▸ Data for review:
'''
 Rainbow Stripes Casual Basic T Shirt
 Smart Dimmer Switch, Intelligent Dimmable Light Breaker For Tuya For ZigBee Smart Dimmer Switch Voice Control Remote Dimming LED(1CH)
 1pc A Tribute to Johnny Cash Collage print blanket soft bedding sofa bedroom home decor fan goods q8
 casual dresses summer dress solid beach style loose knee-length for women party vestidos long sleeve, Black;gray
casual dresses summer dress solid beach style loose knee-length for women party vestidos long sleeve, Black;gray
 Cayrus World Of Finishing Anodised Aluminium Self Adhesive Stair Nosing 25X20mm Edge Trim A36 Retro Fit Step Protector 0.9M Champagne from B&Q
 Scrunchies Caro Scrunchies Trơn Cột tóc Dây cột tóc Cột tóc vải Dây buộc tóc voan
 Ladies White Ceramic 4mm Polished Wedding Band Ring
'''
'''
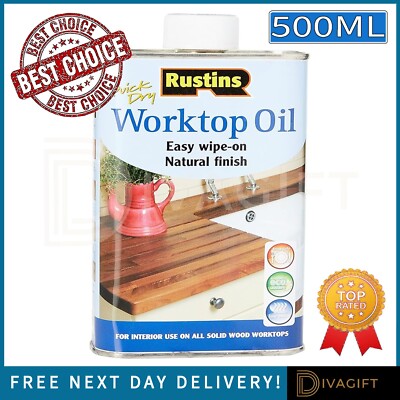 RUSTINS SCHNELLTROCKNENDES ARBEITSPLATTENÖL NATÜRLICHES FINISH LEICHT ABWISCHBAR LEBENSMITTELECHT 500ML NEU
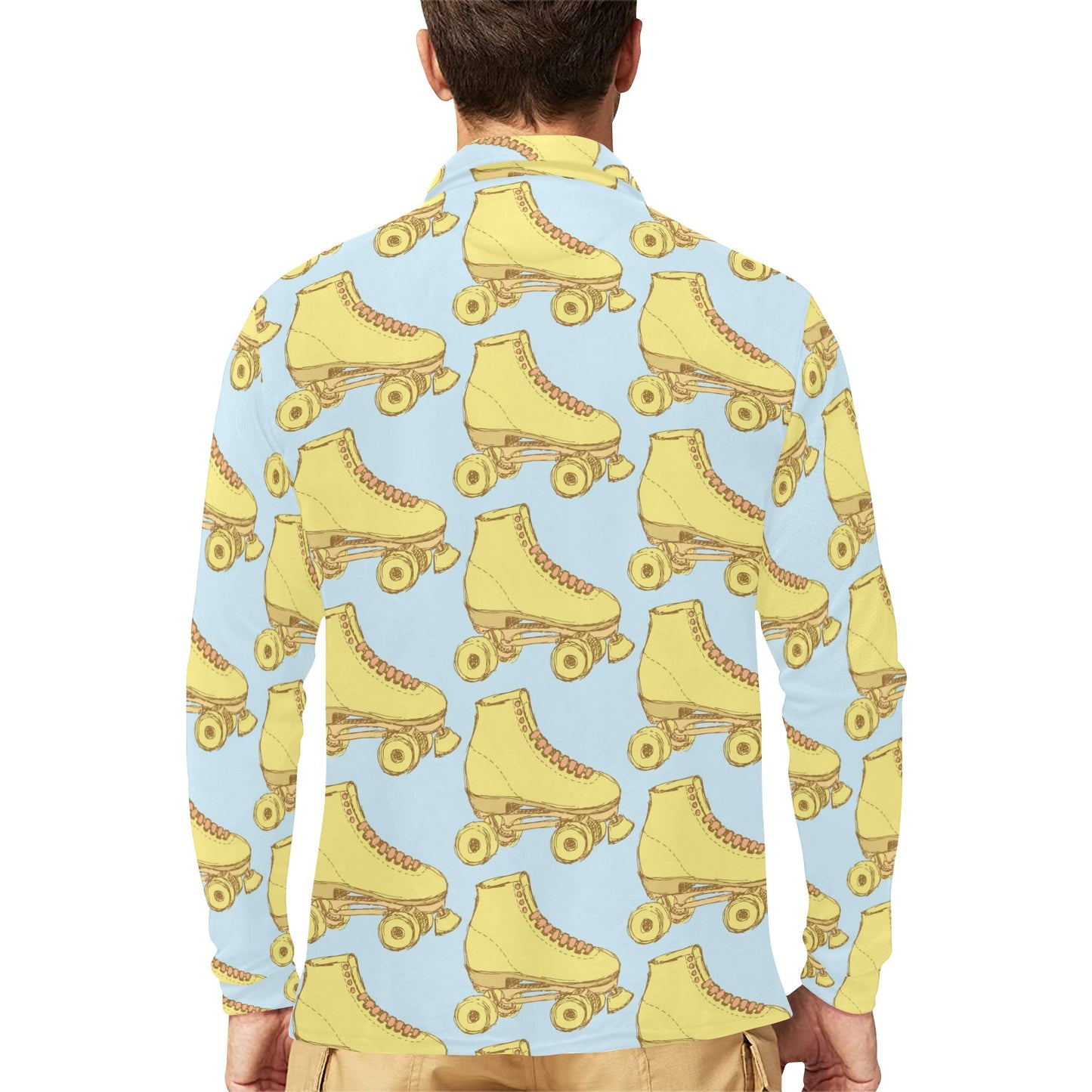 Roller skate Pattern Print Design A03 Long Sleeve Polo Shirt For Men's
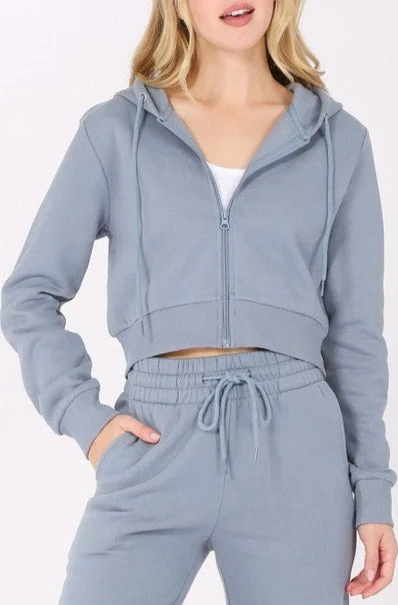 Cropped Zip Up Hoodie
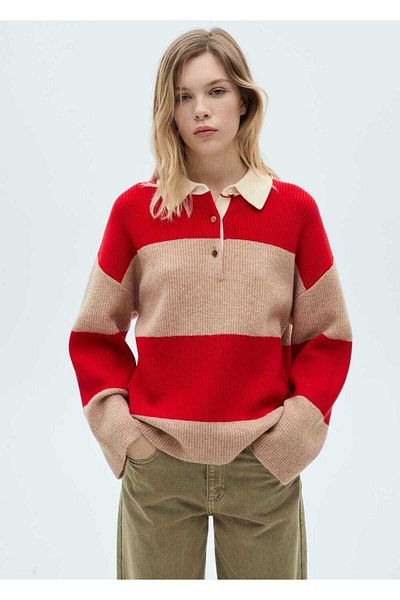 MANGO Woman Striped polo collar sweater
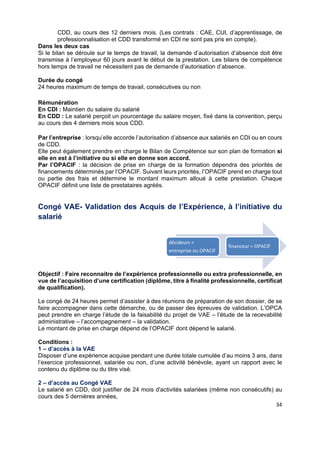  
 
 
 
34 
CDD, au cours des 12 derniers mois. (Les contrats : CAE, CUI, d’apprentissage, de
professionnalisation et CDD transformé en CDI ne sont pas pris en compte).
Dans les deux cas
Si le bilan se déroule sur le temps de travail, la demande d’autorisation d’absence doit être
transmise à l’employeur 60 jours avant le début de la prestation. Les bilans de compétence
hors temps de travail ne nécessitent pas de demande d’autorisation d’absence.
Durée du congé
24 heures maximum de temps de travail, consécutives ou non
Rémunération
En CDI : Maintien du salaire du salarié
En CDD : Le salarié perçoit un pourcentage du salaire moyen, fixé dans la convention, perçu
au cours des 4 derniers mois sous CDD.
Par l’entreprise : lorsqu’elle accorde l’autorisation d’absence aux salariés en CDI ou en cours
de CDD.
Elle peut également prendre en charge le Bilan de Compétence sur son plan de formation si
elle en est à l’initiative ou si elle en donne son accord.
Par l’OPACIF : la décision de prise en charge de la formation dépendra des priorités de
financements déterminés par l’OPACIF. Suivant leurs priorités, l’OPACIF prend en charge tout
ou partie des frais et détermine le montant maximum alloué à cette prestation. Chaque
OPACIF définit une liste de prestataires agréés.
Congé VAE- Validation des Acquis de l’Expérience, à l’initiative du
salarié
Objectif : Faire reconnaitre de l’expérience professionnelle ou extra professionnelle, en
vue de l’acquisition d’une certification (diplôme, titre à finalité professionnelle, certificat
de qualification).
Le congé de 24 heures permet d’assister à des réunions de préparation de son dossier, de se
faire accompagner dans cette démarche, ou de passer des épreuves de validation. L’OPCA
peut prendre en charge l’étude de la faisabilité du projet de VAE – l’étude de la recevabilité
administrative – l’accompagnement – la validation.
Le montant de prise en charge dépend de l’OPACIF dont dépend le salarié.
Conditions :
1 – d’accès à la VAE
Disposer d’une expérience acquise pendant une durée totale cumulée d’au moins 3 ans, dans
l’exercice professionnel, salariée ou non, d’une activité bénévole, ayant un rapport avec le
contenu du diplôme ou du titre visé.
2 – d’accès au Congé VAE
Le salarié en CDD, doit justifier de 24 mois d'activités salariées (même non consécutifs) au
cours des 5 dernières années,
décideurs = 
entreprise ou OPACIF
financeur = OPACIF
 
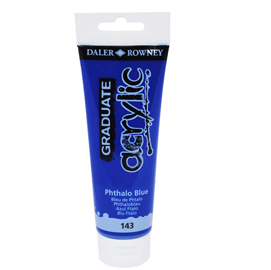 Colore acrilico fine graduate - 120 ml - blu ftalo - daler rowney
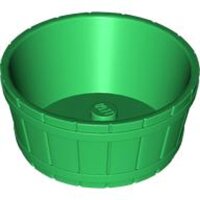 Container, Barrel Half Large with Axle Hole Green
'''
▸ Aim of the exercise:
Whatever else the listing above holds, retype exactly only the lines from the one containing "Si le bilan" to the one containing "de qualification).", both ends kept.

▸ Task solution:
Si le bilan se déroule sur le temps de travail, la demande d’autorisation d’absence doit être
transmise à l’employeur 60 jours avant le début de la prestation. Les bilans de compétence
hors temps de travail ne nécessitent pas de demande d’autorisation d’absence.
Durée du congé
24 heures maximum de temps de travail, consécutives ou non
Rémunération
En CDI : Maintien du salaire du salarié
En CDD : Le salarié perçoit un pourcentage du salaire moyen, fixé dans la convention, perçu
au cours des 4 derniers mois sous CDD.
Par l’entreprise : lorsqu’elle accorde l’autorisation d’absence aux salariés en CDI ou en cours
de CDD.
Elle peut également prendre en charge le Bilan de Compétence sur son plan de formation si
elle en est à l’initiative ou si elle en donne son accord.
Par l’OPACIF : la décision de prise en charge de la formation dépendra des priorités de
financements déterminés par l’OPACIF. Suivant leurs priorités, l’OPACIF prend en charge tout
ou partie des frais et détermine le montant maximum alloué à cette prestation. Chaque
OPACIF définit une liste de prestataires agréés.
Congé VAE- Validation des Acquis de l’Expérience, à l’initiative du
salarié
Objectif : Faire reconnaitre de l’expérience professionnelle ou extra professionnelle, en
vue de l’acquisition d’une certification (diplôme, titre à finalité professionnelle, certificat
de qualification).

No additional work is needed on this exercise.